Front Mission is one of my favorite series of all time, mostly because it combines two things I love, giant military styled 'realistic' robots, and turn based strategy. It is too bad that we never got most of the main-stream games in English, and the series has kind of died off (don't mention the action-game thing they released recently, that's not Front Mission).

Front Mission 3 is a pretty standard game gameplay wise. You control each character piloting a mech, trying to kill your enemies piloting mechs. There is not much innovative about the base gameplay, though the fact that your pilots can eject from their mechs (or be ejected if hit right) is interesting, because it lets you hijack other mechs mid mission, or even non-mech vehicles like helicopters. In practice though, its so dangerous to have them running around on the ground that you likely won't have them there if you can at all help it. There are a few missions where you protect ground-pounders and they can shoot mechs for a little damage while walking around.

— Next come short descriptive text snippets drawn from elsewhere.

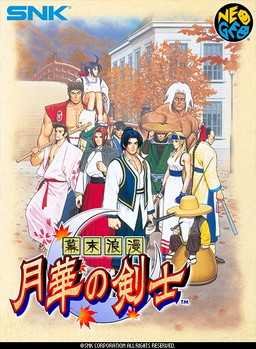 ꡼ No.005 | DMM GAMES ͷפˡֿסַڤηΡסֿĹ˾ǡפɲ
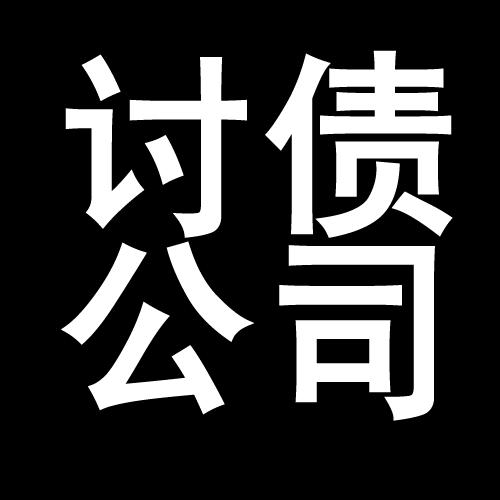 胡市镇讨债公司教你几招收账方法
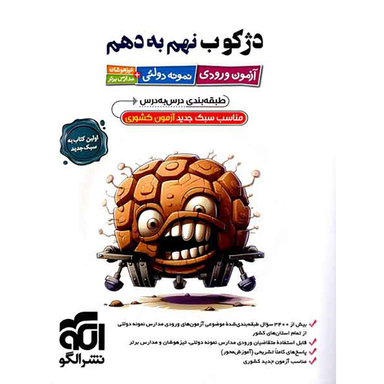 کتاب دژکوب نهم به دهم آزمون ورودی تیزهوشان و نمونه دولتی اثر جمعی از نویسندگان نشر الگو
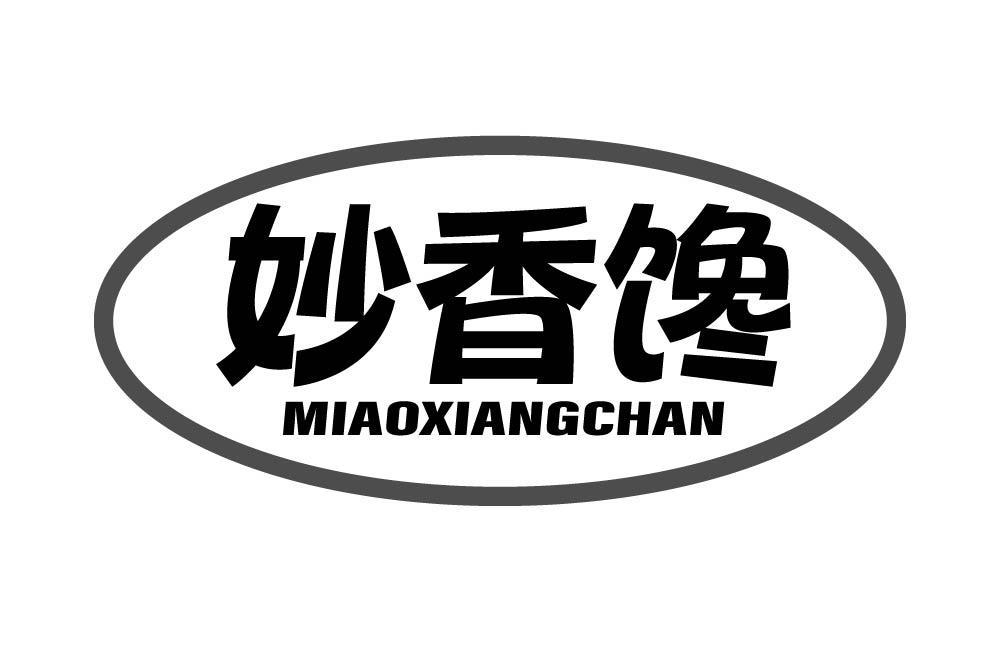 妙香馋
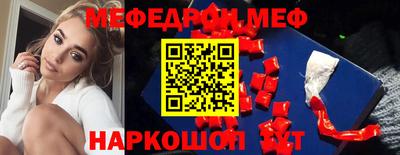 метамфетамин Ливны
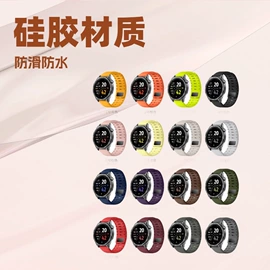 智能手表表带;AppleWatch表带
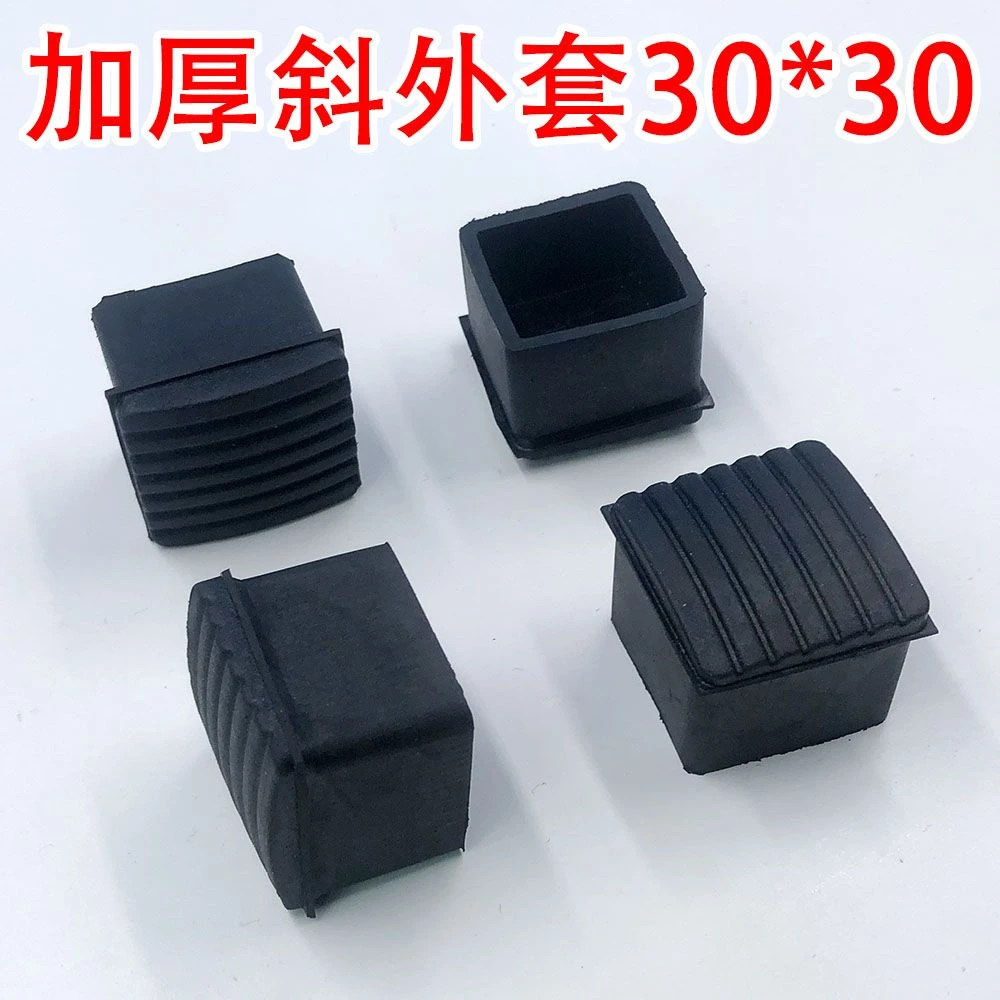 3030马凳脚2525梯子脚套加厚防滑2020耐磨凳腿长方形防磨幼儿园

Story wise, the game actually splits into two different stories entirely based on the first choice you make in the story, with significant differences, so the game is at least playable twice for that alone. The story I played through this time was ok, typical Front Mission fare of geopolitics and people trying to stop a super project of some sort. It was forgettable, but that doesn't mean much, I forget a lot of good games' stories.

The game has an internet function, where you can browse the in-universe internet, go to websites and access things. You get passwords for places from missions or by sleuthing around and downloading programs, and that lets you access more background and information, and sometimes get access to gear. I'll be honest, after looking around it a bit, and not being able to figure out clues, I just looked up all the passwords that did anything. It was an interesting idea, but actually playing with it is not fun in the least, and requires way more use of note taking than the main game ever does. If you do play it, just look up the passwords, and only the important ones, the little bits of story aren't worth the effort to read through all the text.

I finished the 'Rebel' storyline, which leaves the 'Chinese' storyline for completion.